Mehregan Pezeshki shared their story and experiences with us recently and you can find our conversation below.

Hi Mehregan, thank you for taking the time to reflect back on your journey with us. I think our readers are in for a real treat. There is so much we can all learn from each other and so thank you again for opening up with us. Let’s get into it: Are you walking a path—or wandering?
When I think about whether I’m walking a path or wandering, it’s a bit of both. For a long time, I didn’t fully realize that my path was my art. In my twenties, I was passionate about art but didn’t believe it could be a career. I explored different paths, working in tech and taking on various roles, but I eventually realized that true happiness for me lay in returning to my art. Moving to Los Angeles and pursuing my MFA was a turning point, and I’m proud of breaking free from the mindset that art can’t be a career.
Still, the journey isn’t always linear. Sometimes, it feels like wandering as much as it does walking a clear path. But when I look back at the past few years, I see how much progress I’ve made. In a way, maybe the art path is a wandering one, filled with exploration and growth.

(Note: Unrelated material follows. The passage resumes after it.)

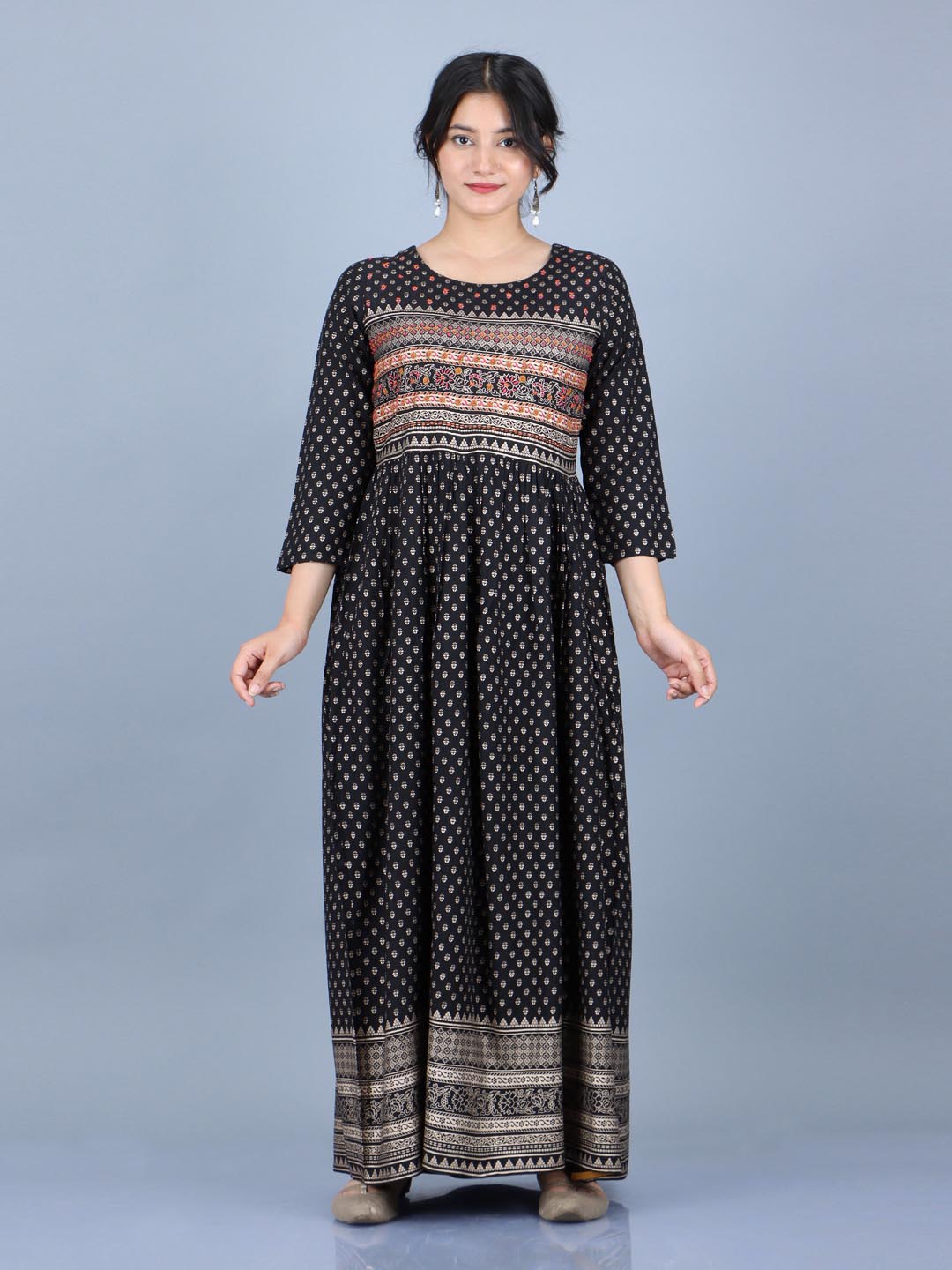 Women's Black Rayon Ethnic Dress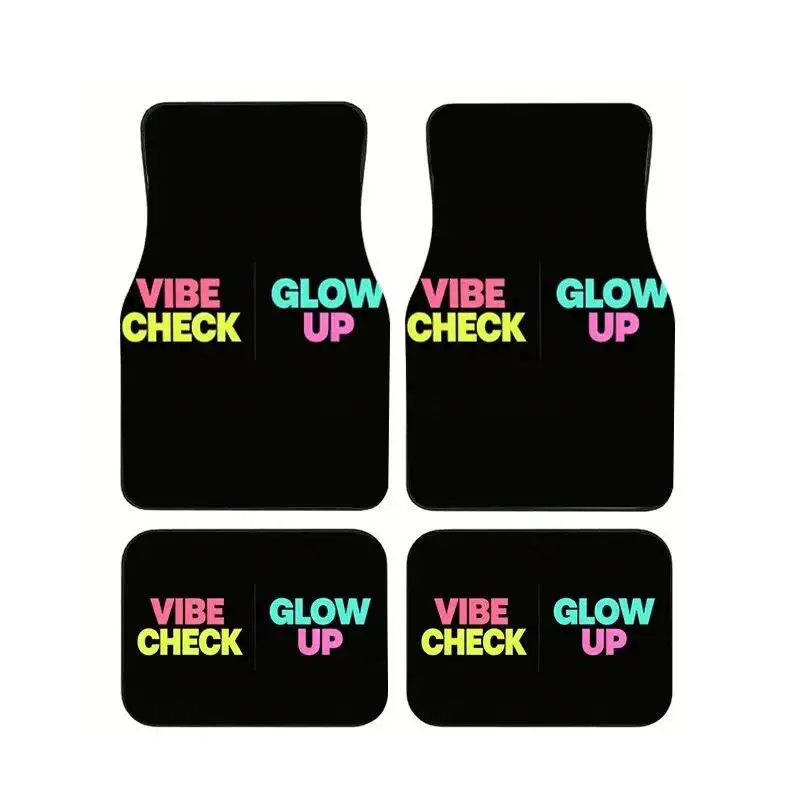 

Rainbow Gradient Vibe Check Glow Up Car Floor Mats, Durable Waterproof Auto Foot Mats Stylish Decor For Car SUV Interior Decor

Can you briefly introduce yourself and share what makes you or your brand unique?
I’m a multidisciplinary artist, and my work blends performance art with photography, printmaking, sculpture, and more. My artistic journey is deeply influenced by my Iranian heritage and the diverse places I’ve lived—Austin, San Francisco, New Orleans, and now Los Angeles. Each of these experiences has enriched my artistic voice and helped me understand the complexities of tradition. I’m constantly seeking to break free from outdated boundaries and challenge conventions that no longer serve us. For me, it’s essential to continually renew and redefine my understanding of self and identity.
My work often reflects the complex interplay between identity and the emotional landscapes of navigating multiple cultural backgrounds. Right now, I’m channeling all of my energy into creating works that raise awareness about the ongoing massacre, executions, the brutality, and suppression in Iran. The recent tragic events in my homeland have deeply affected me, and as an artist in exile, I feel more connected than ever to my roots.
Through my art, I explore themes of identity, the emotional landscapes of navigating different cultures, and the complexities of femininity. I love pushing boundaries, questioning traditions, and delving into raw human emotions—from color and absurdity to nudity and desire.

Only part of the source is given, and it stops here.